First, you grab your axe (or chainsaw if you’re fancy) and chop it into smaller, workable logs.
That’s exactly what tokenization does for text.
It takes a giant block of text and slices it into smaller units called tokens.
These tokens might be:
A whole word
Part of a word
Even punctuation marks
How small you chop depends on the job — just like woodwork, different projects need different cuts.
Once you’ve got those smaller pieces, you can start shaping and arranging them into something useful.
That’s where vector embeddings come in — turning tokens into numbers so a computer can actually process them.
If you want to see that step, check out my post: Vector Embedding for All.
High-Level Diagram
flowchart LR
A[Long Wooden Log 🪵] -->|Chop into pieces| B[Firewood Logs 🪓]
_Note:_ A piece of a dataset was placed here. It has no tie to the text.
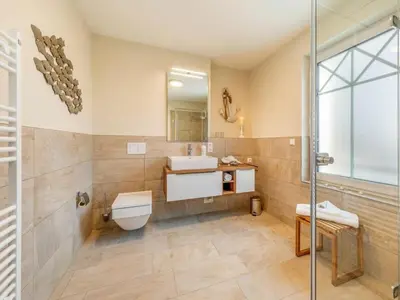 Ein Badezimmer in der Unterkunft Suite 6 Windkieker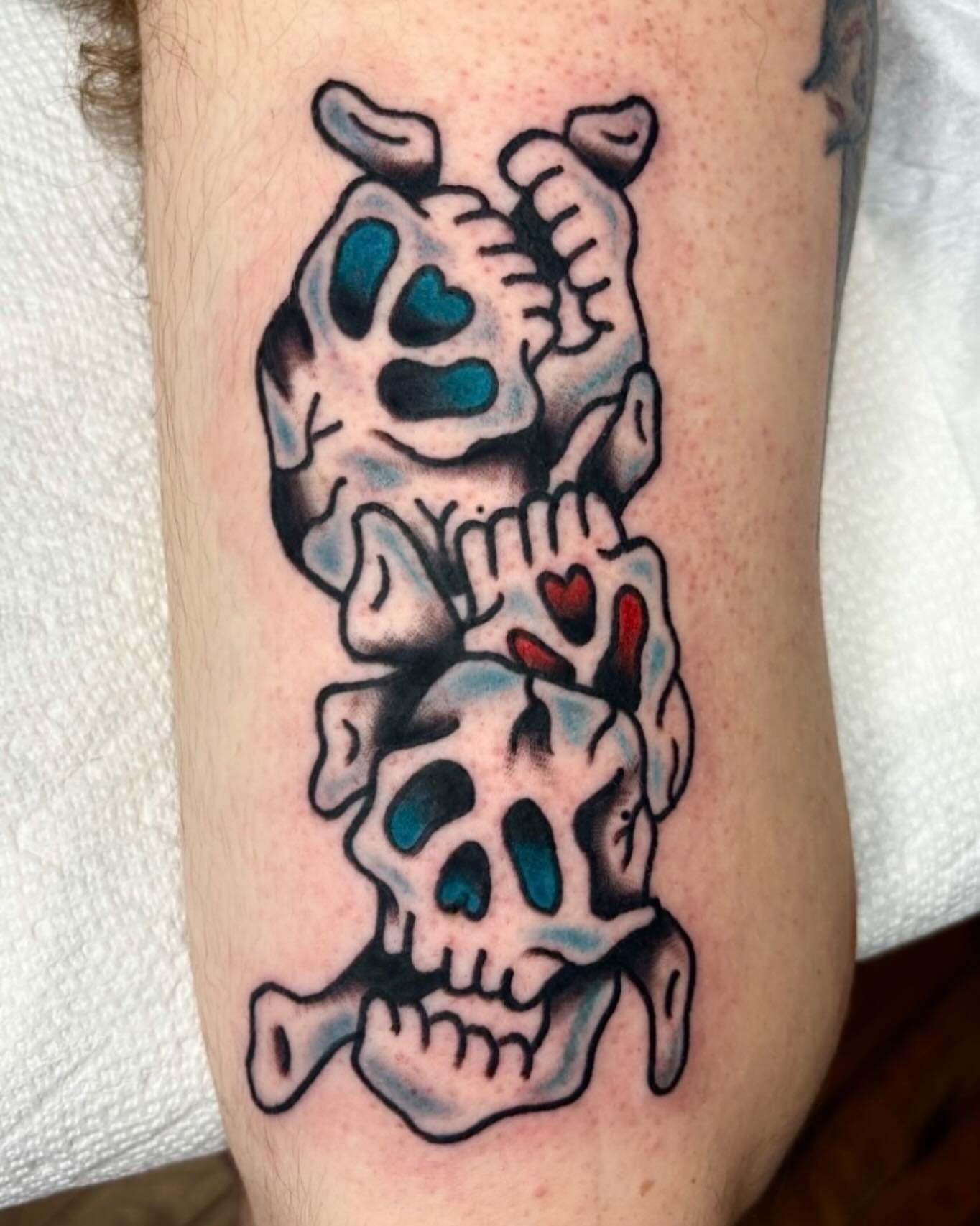 Skull and heart American traditional tattoo on the forearm by Emmy Gallagher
B -->|Burn in fireplace| C[Warm Fire 🔥]
subgraph Analogy
A
B
C
end
X[Long Text 📜] -->|Tokenize| Y[Tokens 🔤]
Y -->|Convert to numbers| Z[Machine-Readable Form 🔢]
Takeaway
Tokenization is the chopping stage.
You start with something big — a paragraph, sentence, or document — and split it into smaller, meaningful parts.
Those tokens are the building blocks that computers can transform into something they can work with.